Nearly four out of every five parents (78 per cent) are actively putting money aside for their children’s long-term future according to new research out today. However, despite historic low interest rates, over half of those parents that are saving (51 per cent) are choosing to store money away in savings accounts, many of which, while offering a safe haven for their money where capital is guaranteed, could be attracting only meagre rates of interest.

The research among 2,000 parents, commissioned by ISA provider Scottish Friendly, coincides with the three-year anniversary since the launch of the Junior ISA (JISA), on 3rd November, 2011. The new JISAs replaced the Child Trust Fund (CTF) as an alternative way for parents to save for their children’s future in a tax efficient way. However the research shows that just 21 per cent of parents that are currently saving, are investing in a JISA.

The five top saving vehicles for parents putting money aside for their children are:

  • Savings account (e.g. bank or building society) - 51 per cent
  • Child Trust Funds - 26 per cent
  • Junior ISA (JISA) - 21 per cent
  • Children’s current account - 15 per cent
  • Investments - 9 per cent

Calum Bennie, JISA marketing manager at Scottish Friendly, said:

Interest rates remain at an all-time low and this is reflected in the rates of return on cash savings accounts. While your capital is guaranteed with cash, stocks and shares JISAs offer the potential for greater growth over the long term – potentially for an investment period as much as 18 years. Stocks and shares investments can of course go down as well as up and the original investment is not guaranteed but over a long investment period you are giving your money the chance to ride out the volatility of the stock market.

Changing rules:
In April next year, the Government will allow parents to transfer Child Trust Funds to Junior ISAs, giving better rates and choices for the 15 per cent of parents that still currently hold these for their children.

Of those parents that currently have a CTF set up in their child’s name, just eight per cent plan to keep the money where it is. One in three are planning to move the money into a JISA, while a quarter (25 per cent) have yet to make up their mind on what to do.
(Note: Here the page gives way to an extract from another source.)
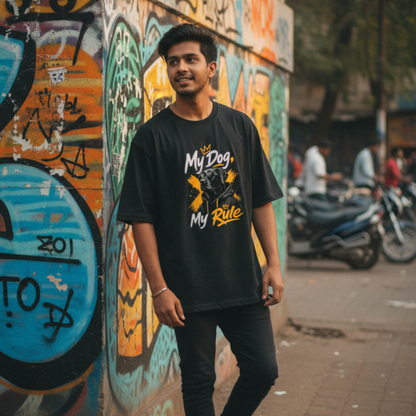 Man wearing a black t-shirt with graphic design and text, standing in front of a colorful graffiti wall.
However, most concerning is the third of parents (33 per cent) who didn’t know that moving the money was an option.

Bennie continued:

Parents planning to transfer their money from a CTF to a JISA have two options available to them; a cash JISA or a stocks and shares JISA, sometimes called an investment JISA.
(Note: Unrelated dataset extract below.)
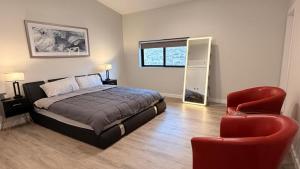 a bedroom with a bed and a red chair at The Sandpearl in Stevensville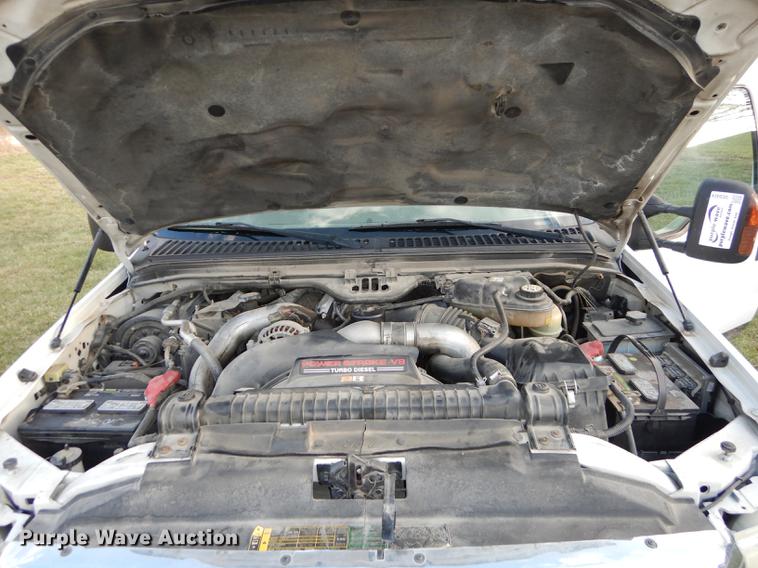 image for item DC0424 2004 Ford F350 Super Duy Lariat Crew Cab flatbed pickup truck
The funds that people choose to invest in through an investment JISA will be dependent on the personal preferences of the investor, their attitude to risk and knowledge of the stock market. Fund choices include UK stock market trackers to more exotic overseas funds.
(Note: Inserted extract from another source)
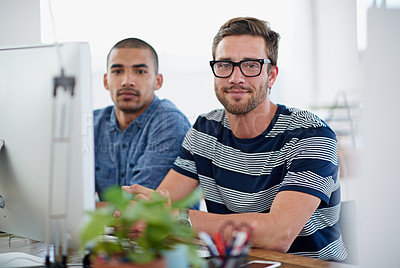 Buy stock photo Portrait of two coworkers sitting at a computer in an office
Once Scottish Friendly’s ‘My Choice (Junior ISA)’ has been set up by a parent or guardian, anyone can pay into it. In addition, and unique to Scottish Friendly, instead of one big pot, separate individual policies can be set up, with each policy having its own description, e.g. ‘Gift From Granny’, ‘Uncle Allan’s Uni Fund’ or ‘Flat Deposit’. As long as you stay within their annual allowance, you can have as many policies as you like for your child.

Bennie, continued:

Junior ISAs essentially create a living trust fund for your child, giving them a head start as they enter adulthood. Saving into a JISA does not just have to be the responsibility of the parents alone.

We have found that many people like to set up separate savings ‘pots’ within their JISA so that anyone can contribute throughout the child’s life. So for instance, you might have a ‘Grandparents pot’ where each Christmas or birthday Grandma and Grandad can contribute and then watch as their specific contributions perform over time. It essentially creates a community of savings for children.

Tax treatment depends on individual circumstances and tax law may change in the future. Tax-free means the fund the plan invests in grows free of income and capital gains tax (other than tax on dividends from UK shares).